Diplomatic yet determined, Brennan was well capable of deploying his steely reserve towards recalcitrant officials. He could also adeptly charm representatives of governments and multinational companies and raised significant local and international funding for educational, social and medical schemes. He was a highly effective manager, and his meticulous accounts and robust governance impressed funders and auditors. Many of the programmes he established conflicted with contemporary political and cultural consensus, both during and after the apartheid era. He was an early supporter of the proscribed African National Congress (ANC), allowing it to hold meetings in St Anthony's classrooms – although he himself was careful never to attend. He was also a teacher, mentor and friend of Chris Hani, former member of the executive committee of the ANC and general secretary of the South African Communist Party; after Hani's assassination in 1993, Brennan officiated at his funeral. Such links did little to endear him to the South African apartheid regime, which reportedly included his name on a deportation list. In recognition of Brennan's contribution to the anti-apartheid struggle, Nelson Mandela attended mass at St Francis of Assisi church soon after he was inaugurated president of South Africa (10 May 1994).
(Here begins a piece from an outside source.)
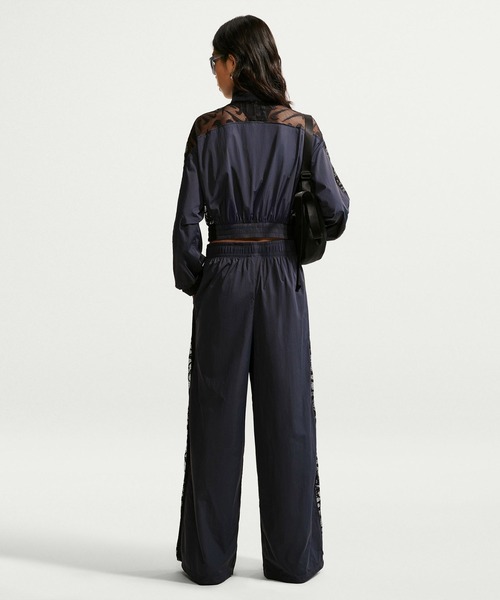 NIKE（ナイキ）の「NIKE AS W NK LACE INSET TRACK PANT / ナイキ ウィメンズ レース INSET トラック パンツ 【SP】（その他パンツ・レディース・ブラック/ダークグレー・S/M/L）」の14枚目の写真
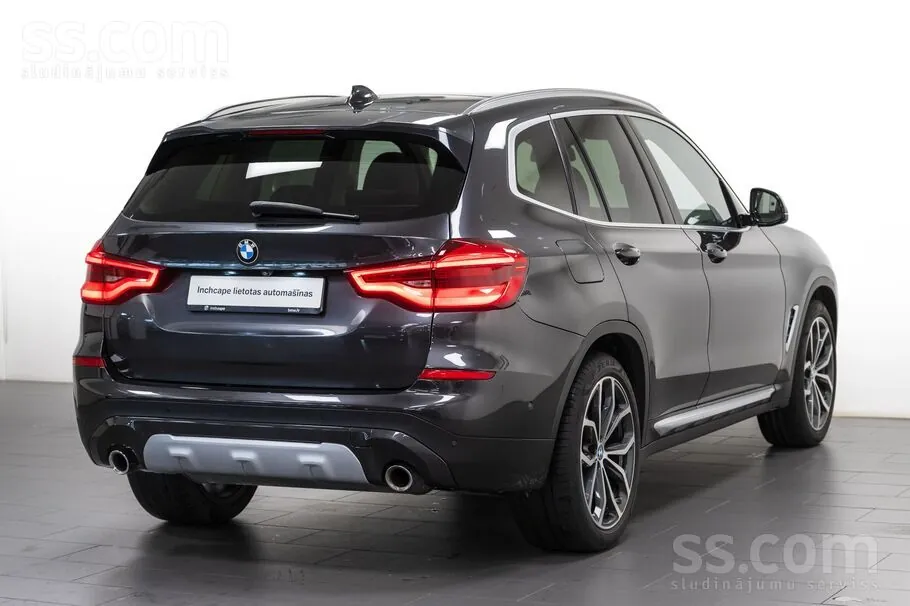 BMW X3 2018 photo 2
Brennan returned to Ireland frequently, raising funds and visiting his family. His work was recognised internationally, and he was awarded scores of humanitarian awards (listed in Colour blind faith), notably the Japanese Order of the Rising Sun, Gold and Silver Rays in June 2012. He remained though deeply down-to-earth and liked to relax by watching the sensationalist 'Jerry Springer show' and reading the Daily Sun, a scurrilous tabloid. Endlessly enthusiastic, if somewhat paternalistic, he welcomed all religions and ethnicities to avail of the services St Anthony's provided, encouraging many conversions to catholicism.
In 2005 he underwent coronary bypass surgery, and moved to live in the St Francis Care Centre, where he was victim of a violent robbery that induced a bout of depression. After suffering heart problems, Brennan died on 6 July 2012 at Sunward Hospital, Boksburg. After his funeral, which took place 12 July in St Francis of Assisi parish church, he was cremated. The ANC provided a guard of honour at an all-night funeral vigil held in Rieger Park. To mark the golden jubilee of the establishment of St Anthony's Education Centre, Respond Housing Association (Ireland) sponsored the erection of the Fr Stan Brennan Workshop there in 2016, used to teach bricklaying skills. The centre's library was also renamed in Brennan's honour.